Home preparation is also key to staying protected, but a significant number of Australians can do more to keep their homes safe, according to Mann.
Of the people whose home or property has been damaged by wild weather, hailstorms were identified as the most common cause (37%), however respondents said they were more concerned about storms (28%) and bushfires (23%).
Residents of regional NSW, VIC and QLD felt their homes were better prepared for extreme weather events compared to metropolitan areas. Yet when it comes to protecting their homes, 16 per cent of people said they had no protection or did not know if protection was in place for their home.
“Home protection measures such as conducting regular home maintenance are key to preparing for wild weather and can go a long way in preventing or minimising damage to your home. They can also help ensure you’re not left lodging one of the tens of thousands of weather-related insurance claims we respond to annually.
“Insurance can offer important financial protection, but even if you have cover, the emotional and psychological cost of an incident can be significant.”
Key steps to protect yourself ahead of an extreme weather event or natural disaster include:
- Think about the types of events that could affect you, the likelihood of these occurring and plan and act accordingly.
- Consider insurance and review your cover to make sure it is correct. Ensure your home is insured to cover rebuild costs, considering increasing construction costs and building standards.
- Have conversations with family, friends and neighbours, and discuss how to prepare and help each other.
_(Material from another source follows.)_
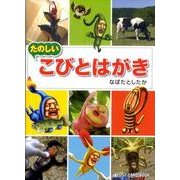 たのしいこびとはがき（POST CARD BOOK） [絵本]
If you intend to stay with someone, develop contingency plans in case they are also affected and unable to assist.
- Put a home maintenance schedule in place and get a home health check from qualified tradespeople and specialists. Ensuring home repairs are up to date could protect your home and potentially assist with insurance claims.
- Make an emergency plan and prepare a survival kit. Ensure important documents and valuables are easily and quickly accessible in case you need to evacuate your home. It also appears family support would be key to many Australians if a natural disaster or extreme weather event affected them, with 73 per cent of respondents saying they would rely on family for general support. However, 64 per cent of people haven’t discussed disaster planning with anyone, including fellow householders.
“Over half of the survey respondents would rely on family to get by in a dire situation, but most haven’t spoken to anyone about their plans let alone family members,” says Mann.
“Taking the time to ensure you and your loved ones understand the risks and are prepared for wild weather can not only bring peace of mind, but in a disaster situation, can also save time, valuable property, and most importantly, lives.”